◆ BRIEF ◆
Retype exactly what appears below from the line containing "unfurnished living room" down to the line containing "a building covered", keeping both end lines. Do not include pictures.

◆ ENTRIES PROVIDED ◆
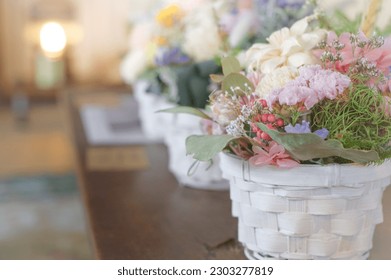 A flower basket of dried flowers photographed with bright natural light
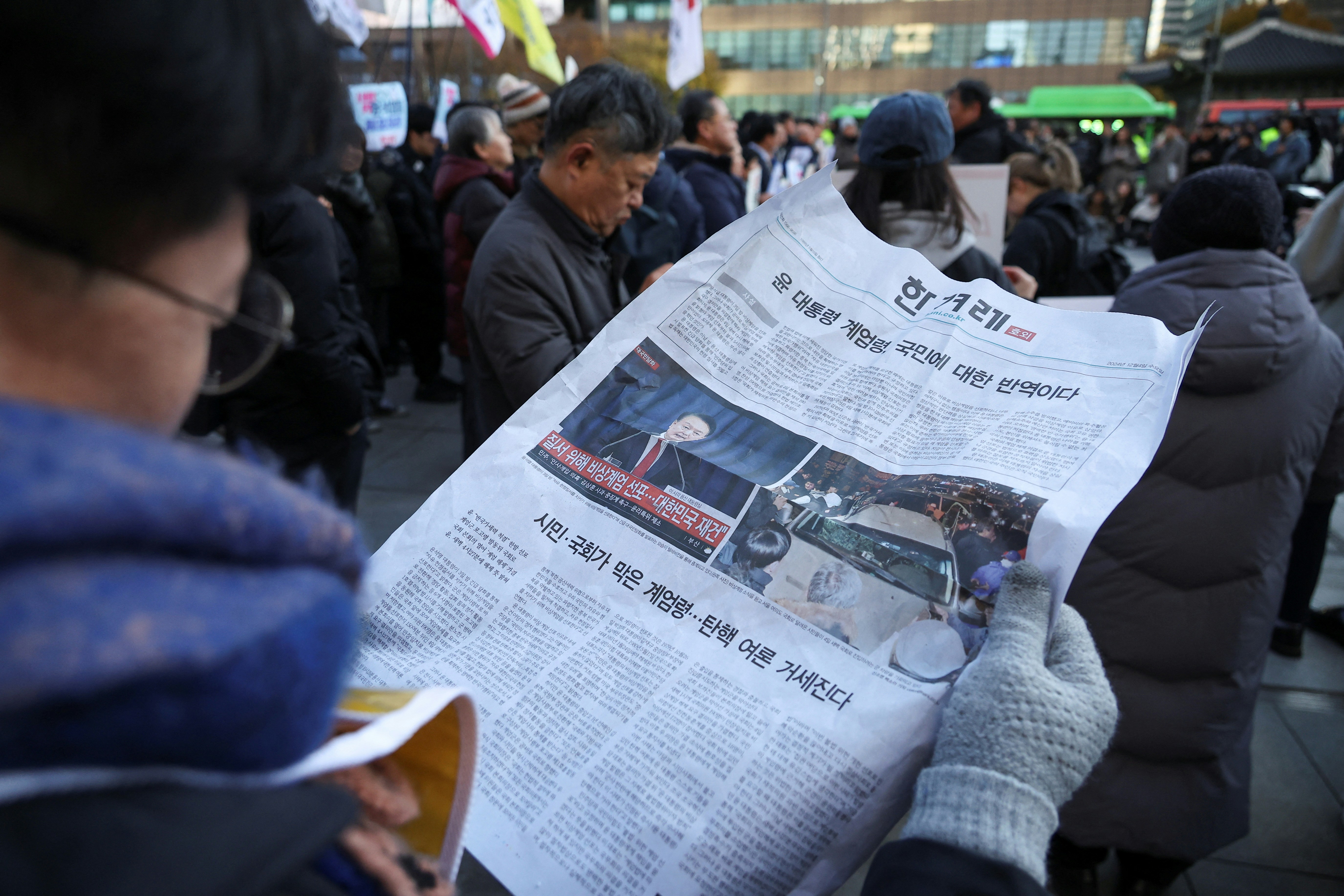 韓國解除戒嚴令後, 2024年12月4日，韓國首爾，一名男子在呼籲罷免韓國總統尹錫悅的集會上閱讀報紙。(Reuters)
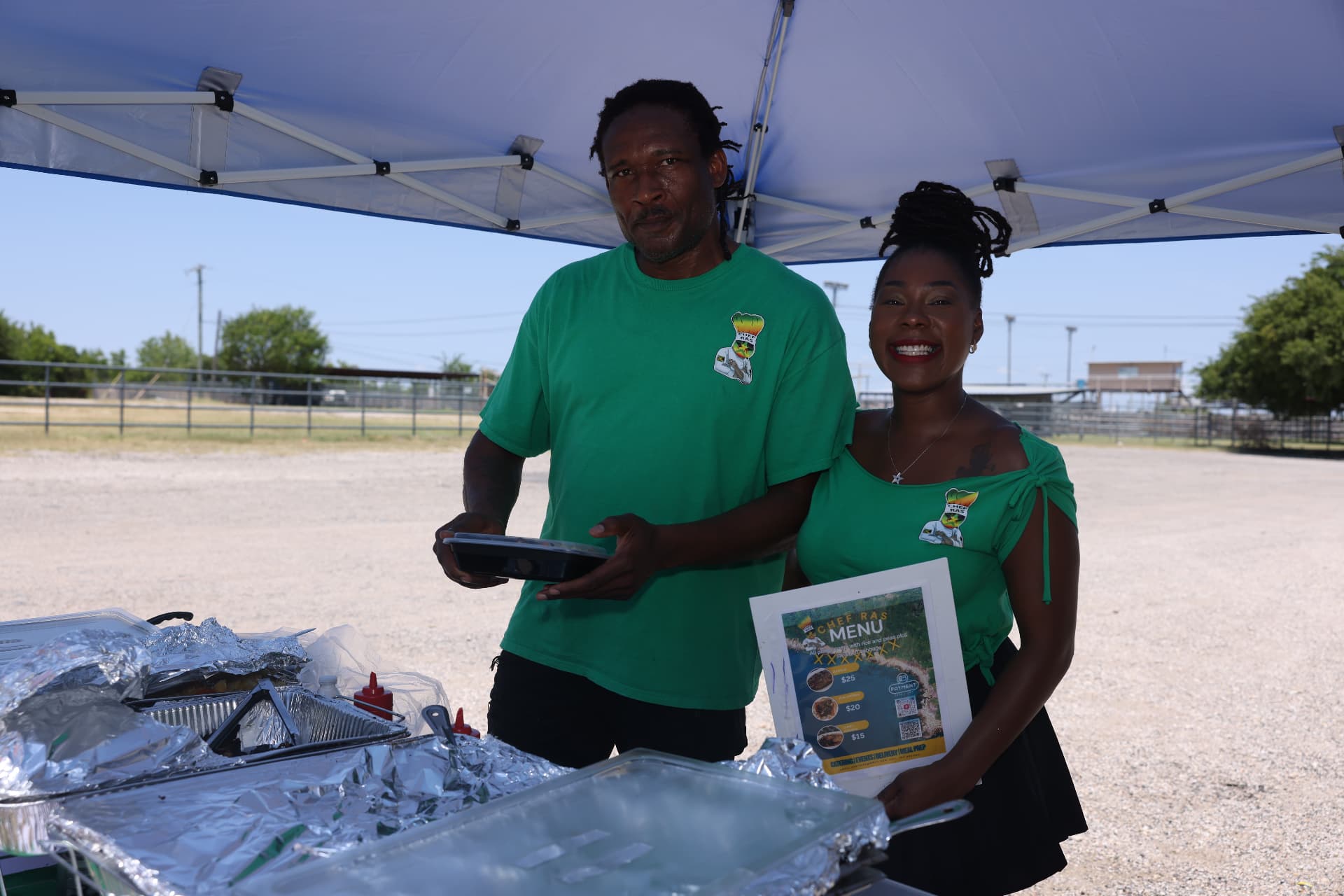 The Chef Ras team smiling with their menu at the food vendor booth.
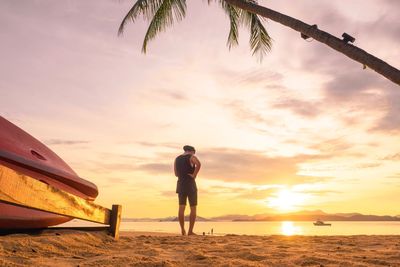 Man standing on beach against sky during sunset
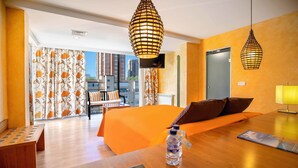 Une chambre d’hôtel équipée d’un lit, d’un bureau, d’un téléphone, d’une bouteille d’eau et d’un téléviseur.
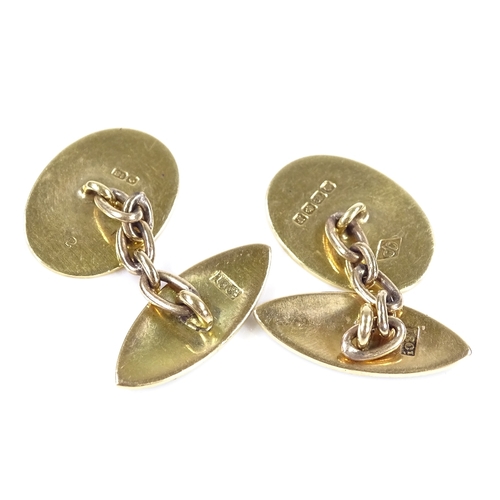 404 - A pair of 18ct gold green and white enamel cufflinks, by Owen Powell, hallmarks Birmingham 1930, mar... 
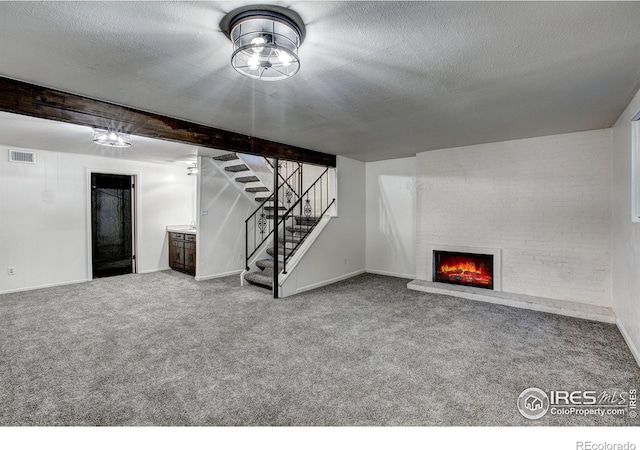 unfurnished living room featuring carpet floors, a textured ceiling, and a brick fireplace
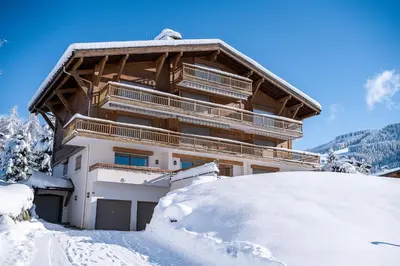a building covered in snow with a pile of snow at Flat Simba - Megève - Mont d'Arbois in Megève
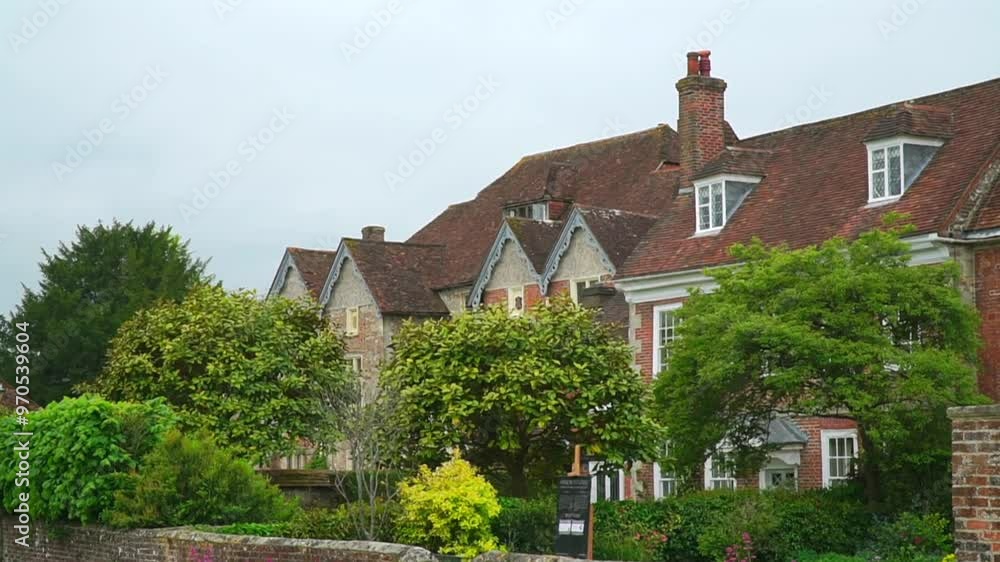 A picturesque view of a traditional English house with a red-tiled roof, surrounded by lush greenery and a well-maintained garden. A picturesque view of a traditional English house with a red-tiled roof, surrounded by lush greenery and a well-maintained garden.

◆ ANSWER TO THIS TASK ◆
 unfurnished living room featuring carpet floors, a textured ceiling, and a brick fireplace
a building covered in snow with a pile of snow at Flat Simba - Megève - Mont d'Arbois in Megève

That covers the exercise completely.